* [Activity]:
All of the entries need to be printed again exactly; pictures are the only thing to omit.

* [Data to process]:
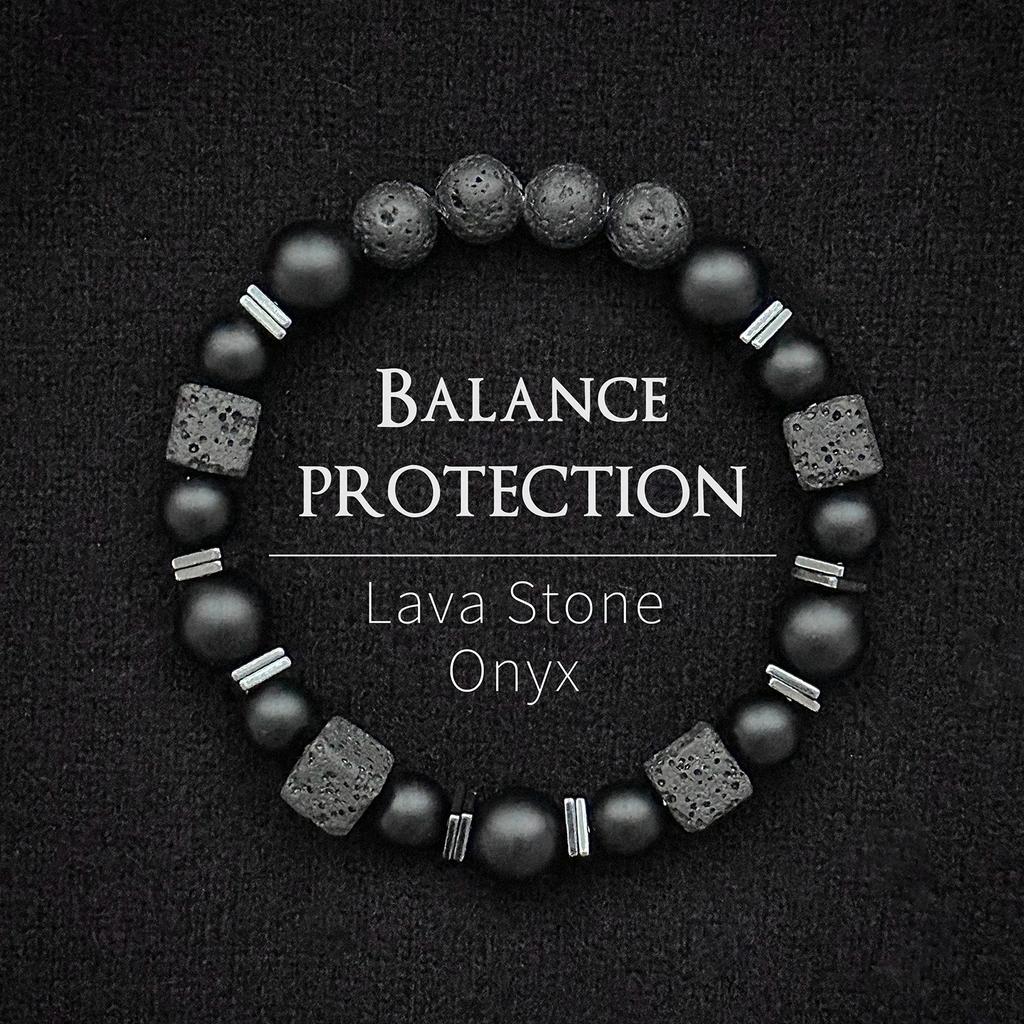 Natural Matte Black Onyx with Cube Lava Bracelet Balance Bracelet Natural Stone Bracelet Gift for Man/Boyfriend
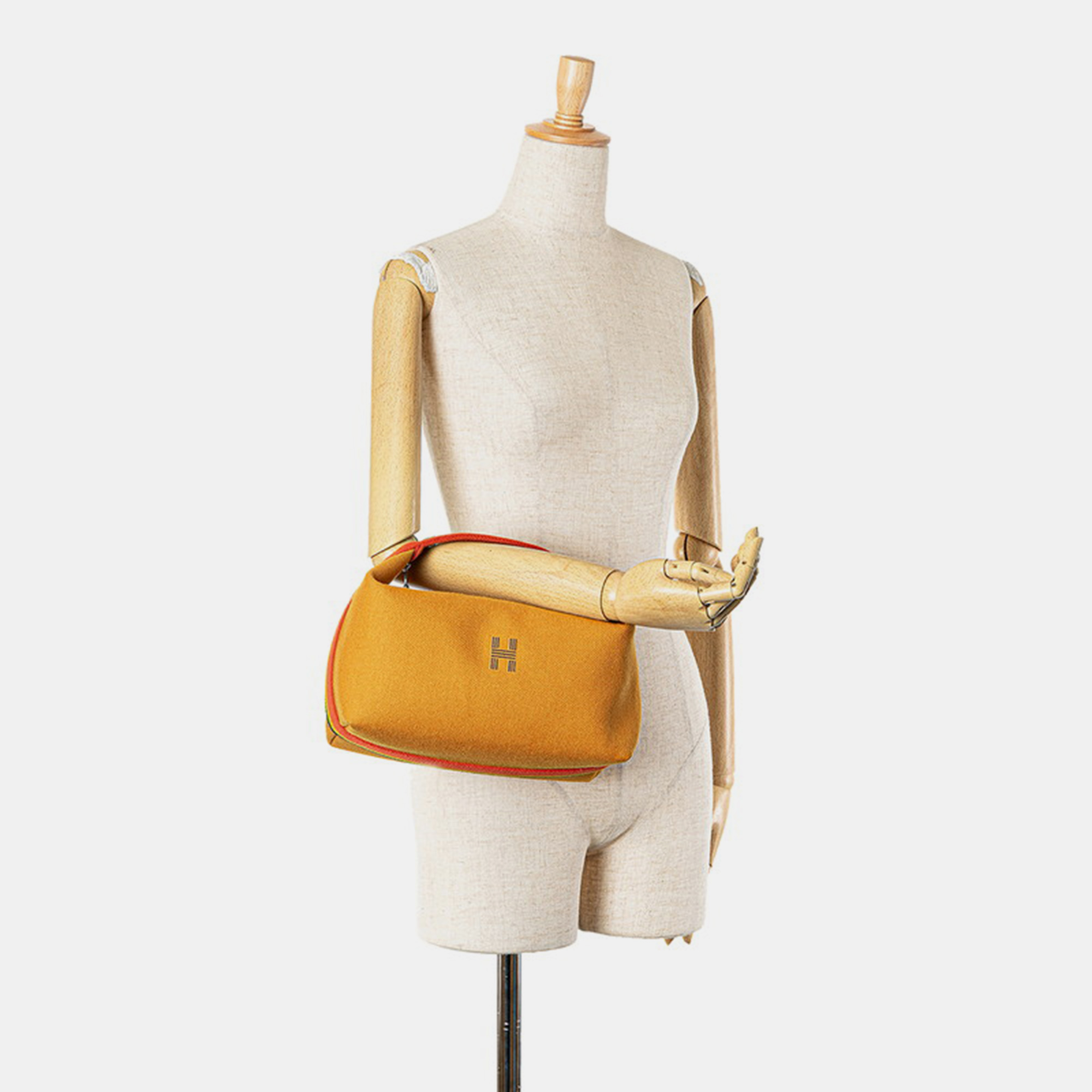 Hermes Yellow Canvas Brid A Black GM Handbag 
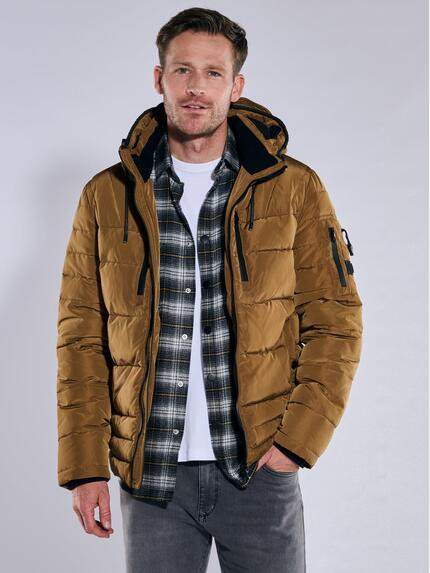engbers Herren Steppjacke mit abnehmbarer Kapuze Gelb 37456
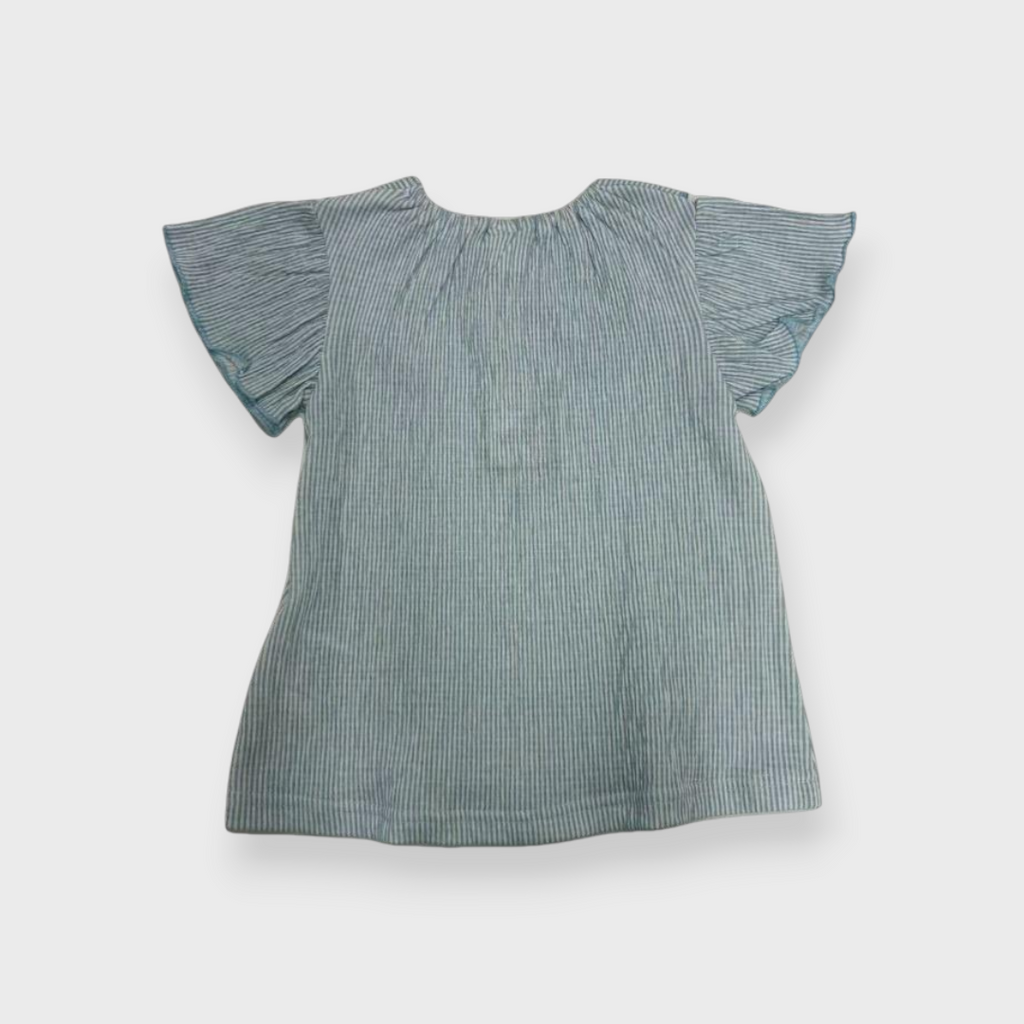 Kids (Size100-110cm) Pinstripe Tunic with Carousel-Pony Collar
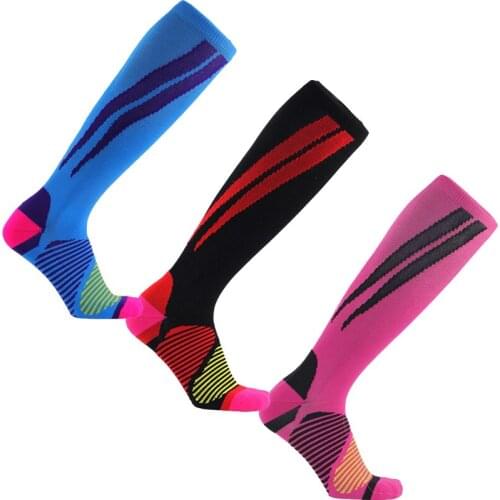 Men Women Compression Socks Breathable Deodorize gradient Pressure Circulation Anti-Fatigu Knee High Orthopedic Support Stocking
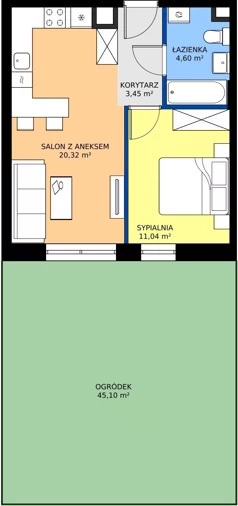 2 pokoje, mieszkanie 39,41 m², parter, oferta nr 11, Na Wspólnej Etap II, Wólka Grodziska, ul. Wspólna 5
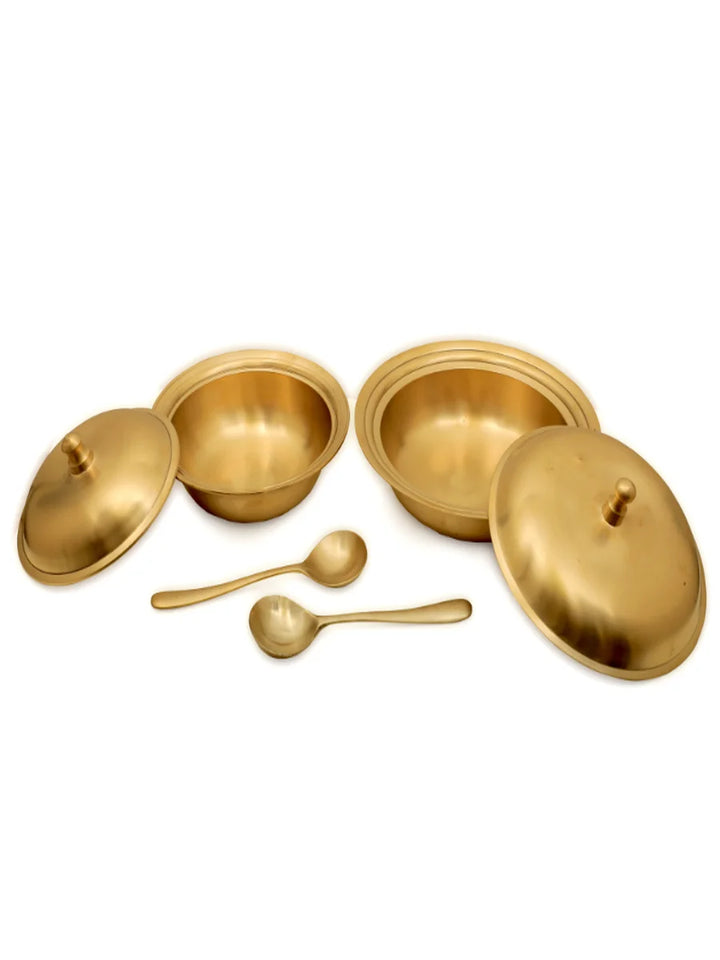 Kansa Serving Chinese Bowls Set of 2 | Traditional Bronze Design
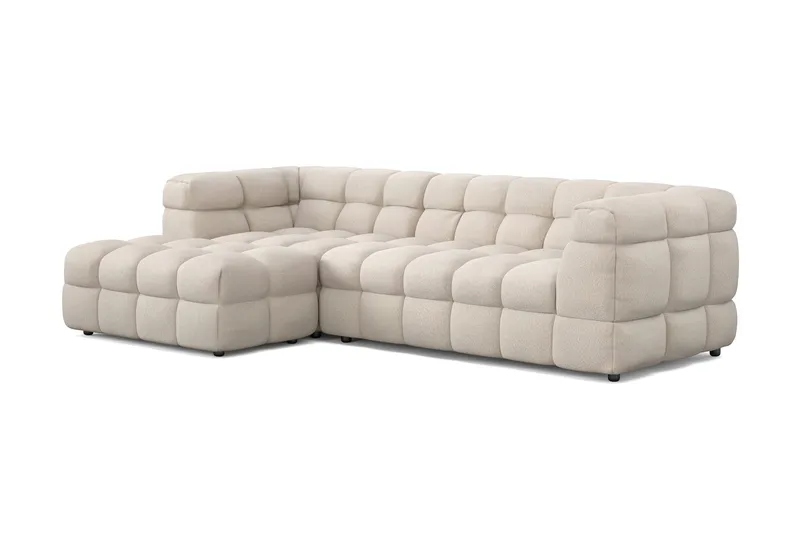 Elise 4-sits Bubblig Soffa med Divan Vänster - Beige - Möbler - Vardagsrum - Soffor - Divansoffa & schäslong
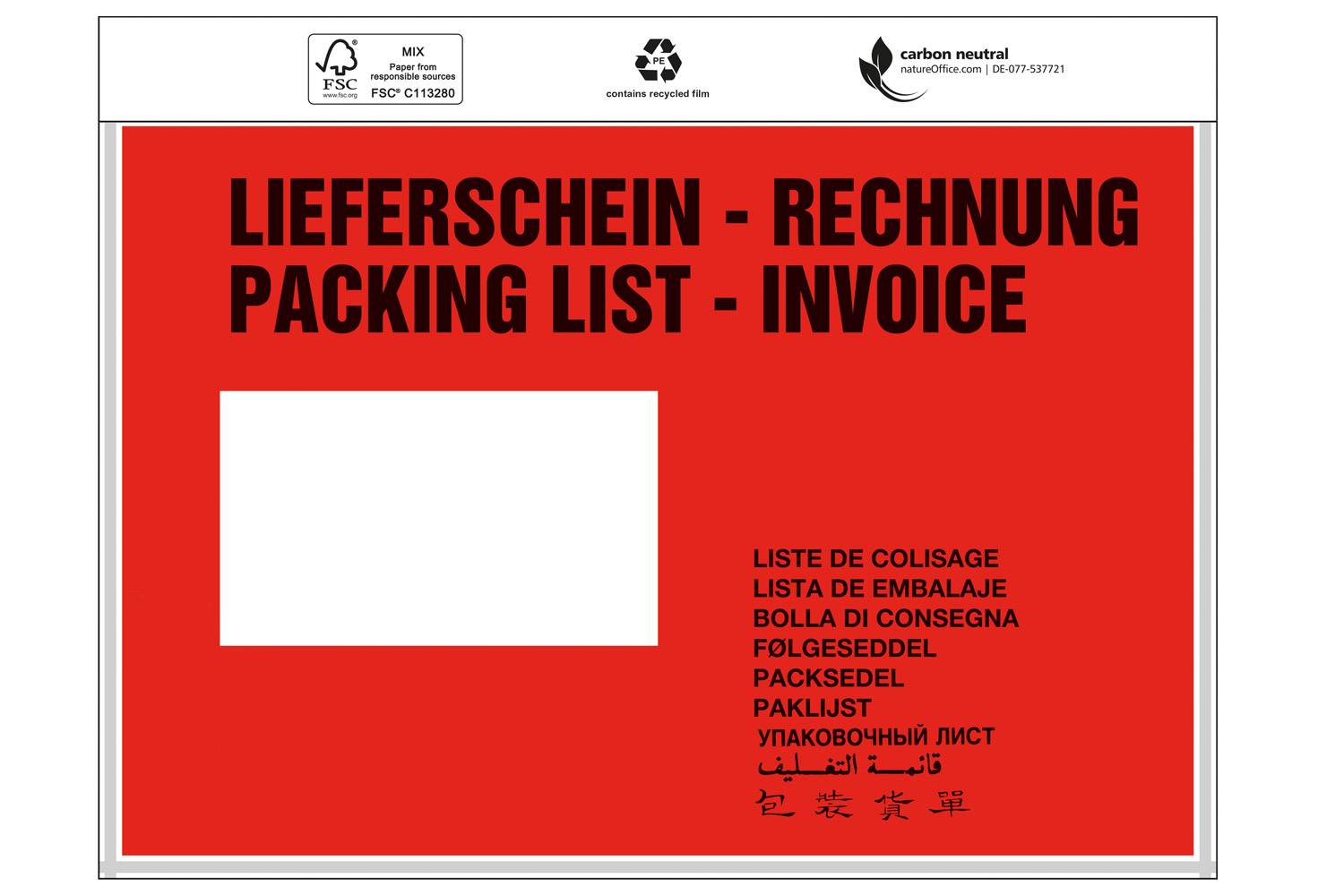 Dokumententaschen Standard Maße 240x160mm C5 m.Druck Liefersch./Rechg. TRANSPAK-0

* [Problem solution]:
 Natural Matte Black Onyx with Cube Lava Bracelet Balance Bracelet Natural Stone Bracelet Gift for Man/Boyfriend
 Hermes Yellow Canvas Brid A Black GM Handbag 
engbers Herren Steppjacke mit abnehmbarer Kapuze Gelb 37456
 Kids (Size100-110cm) Pinstripe Tunic with Carousel-Pony Collar
 Men Women Compression Socks Breathable Deodorize gradient Pressure Circulation Anti-Fatigu Knee High Orthopedic Support Stocking
 2 pokoje, mieszkanie 39,41 m², parter, oferta nr 11, Na Wspólnej Etap II, Wólka Grodziska, ul. Wspólna 5
 Kansa Serving Chinese Bowls Set of 2 | Traditional Bronze Design
 Elise 4-sits Bubblig Soffa med Divan Vänster - Beige - Möbler - Vardagsrum - Soffor - Divansoffa & schäslong
 Dokumententaschen Standard Maße 240x160mm C5 m.Druck Liefersch./Rechg. TRANSPAK-0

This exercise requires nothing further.